**ACTION ITEM:** Using the material below, print the line that contains "Everlane Shirts|Long Sleeve", the line that contains "Gap Mens Blue", and every line in between, exactly and nothing else.

**MATERIAL SHOWN:**
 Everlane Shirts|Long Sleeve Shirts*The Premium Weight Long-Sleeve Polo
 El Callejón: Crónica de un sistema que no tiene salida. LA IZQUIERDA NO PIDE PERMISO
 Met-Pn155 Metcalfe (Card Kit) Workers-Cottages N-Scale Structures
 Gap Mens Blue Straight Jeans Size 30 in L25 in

...

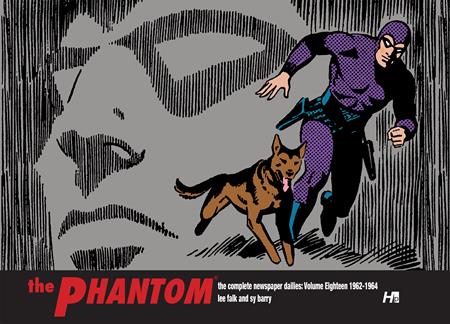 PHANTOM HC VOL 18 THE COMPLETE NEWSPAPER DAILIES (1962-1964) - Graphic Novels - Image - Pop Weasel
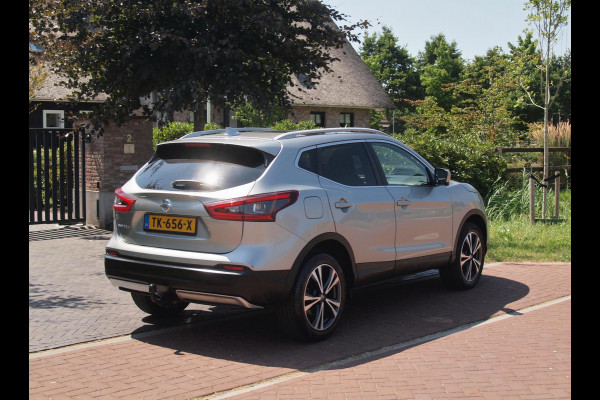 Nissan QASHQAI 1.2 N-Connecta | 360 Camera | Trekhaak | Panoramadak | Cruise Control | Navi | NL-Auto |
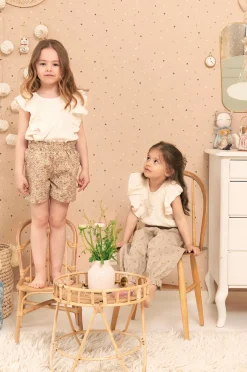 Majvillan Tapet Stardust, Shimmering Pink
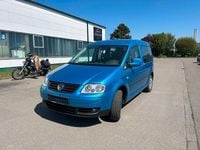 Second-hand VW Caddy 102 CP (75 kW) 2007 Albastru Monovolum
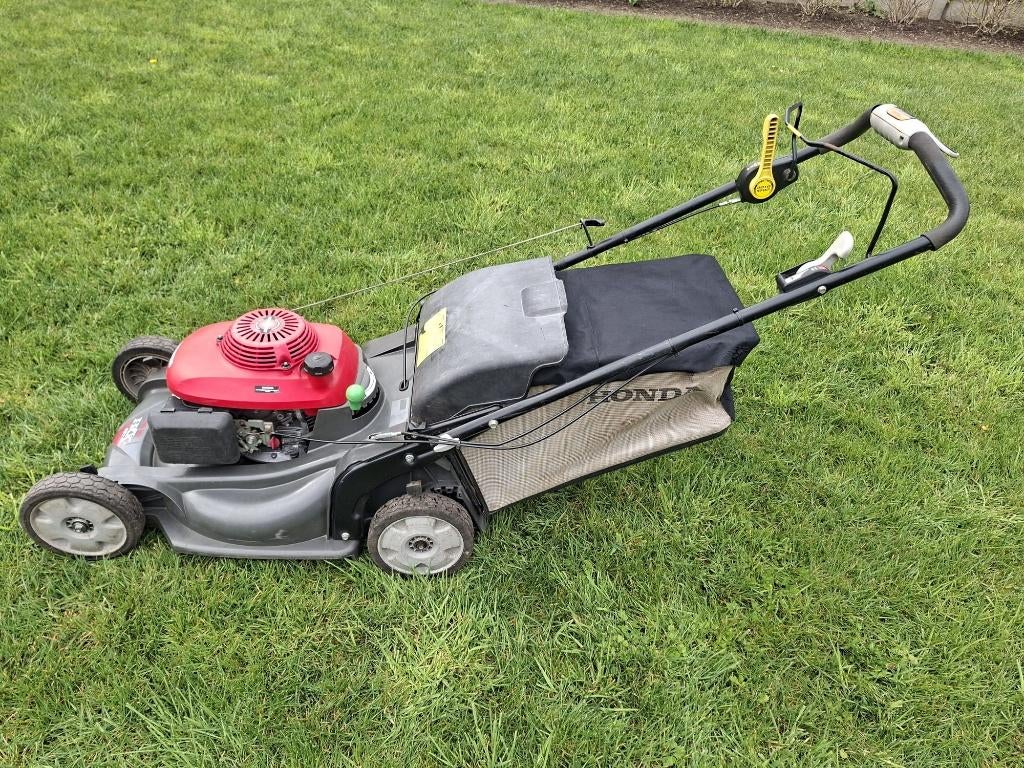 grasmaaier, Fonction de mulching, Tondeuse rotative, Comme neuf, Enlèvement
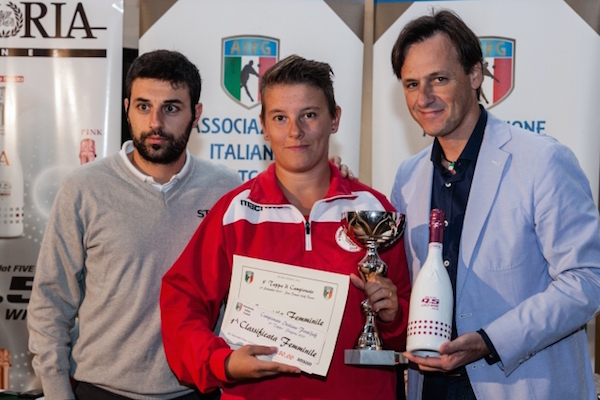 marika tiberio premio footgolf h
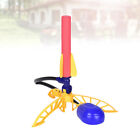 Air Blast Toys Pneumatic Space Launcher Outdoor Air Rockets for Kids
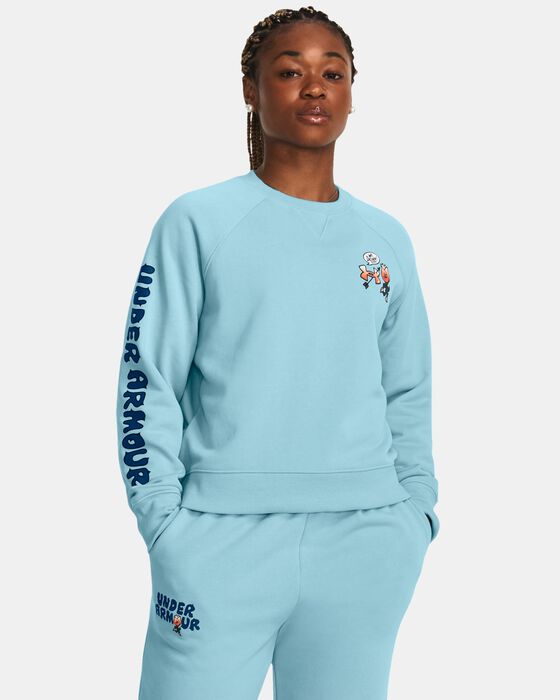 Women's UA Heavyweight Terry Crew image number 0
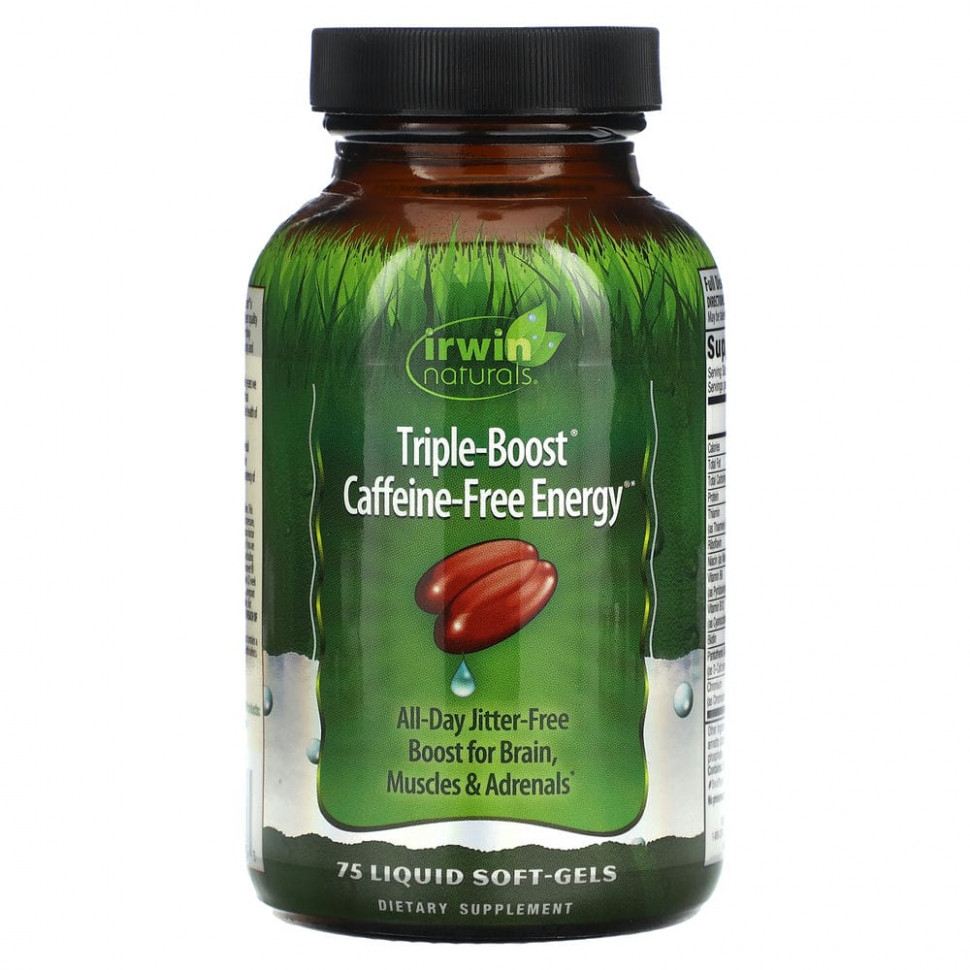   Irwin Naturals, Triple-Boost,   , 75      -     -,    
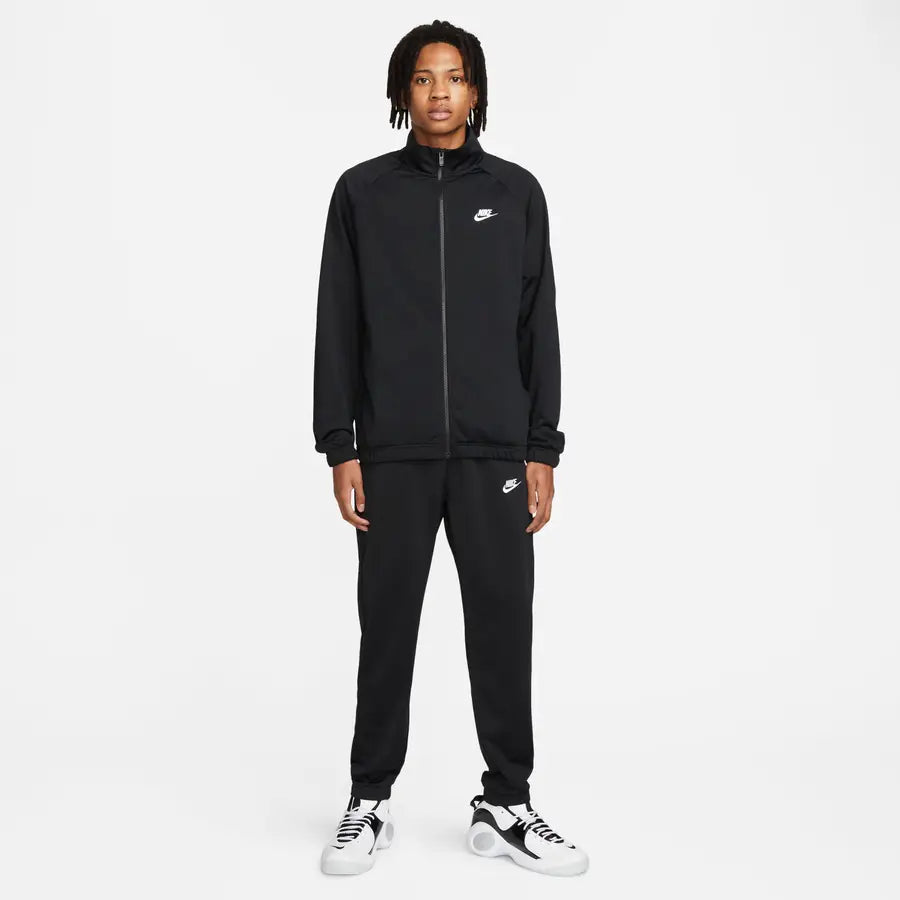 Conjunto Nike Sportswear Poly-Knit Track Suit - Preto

...

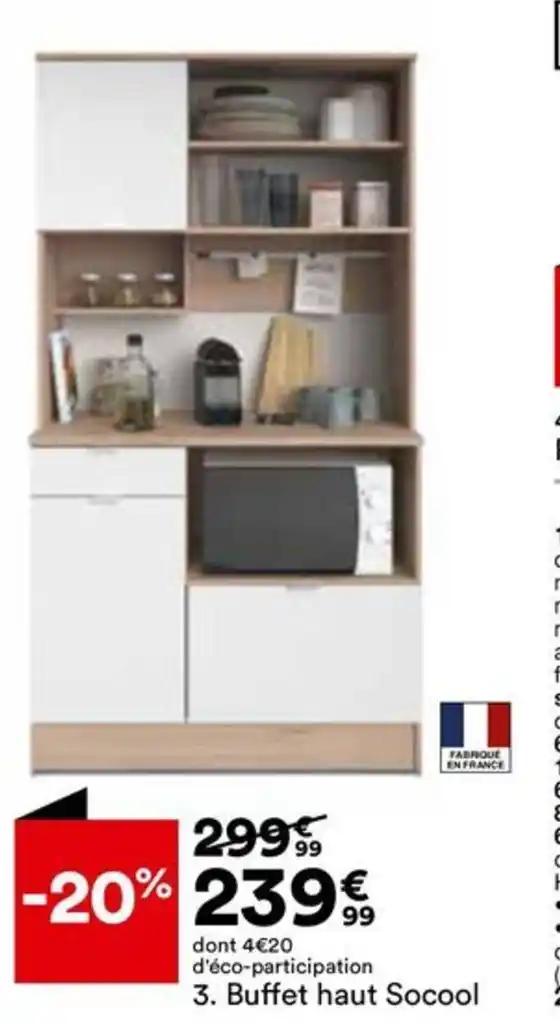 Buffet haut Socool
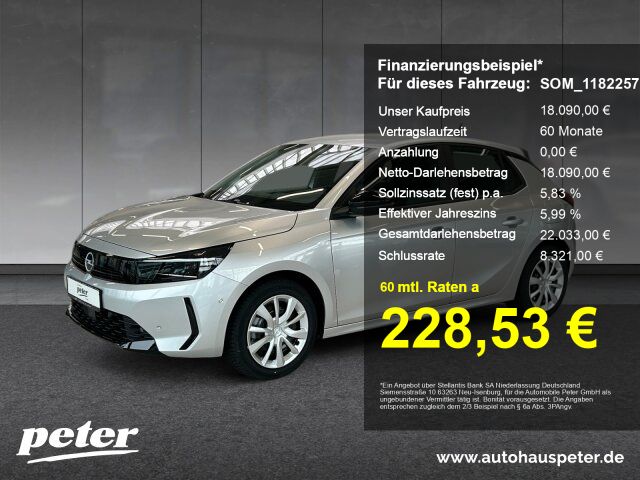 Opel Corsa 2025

**ANSWER TO THE PROBLEM:**
 Everlane Shirts|Long Sleeve Shirts*The Premium Weight Long-Sleeve Polo
 El Callejón: Crónica de un sistema que no tiene salida. LA IZQUIERDA NO PIDE PERMISO
 Met-Pn155 Metcalfe (Card Kit) Workers-Cottages N-Scale Structures
 Gap Mens Blue Straight Jeans Size 30 in L25 in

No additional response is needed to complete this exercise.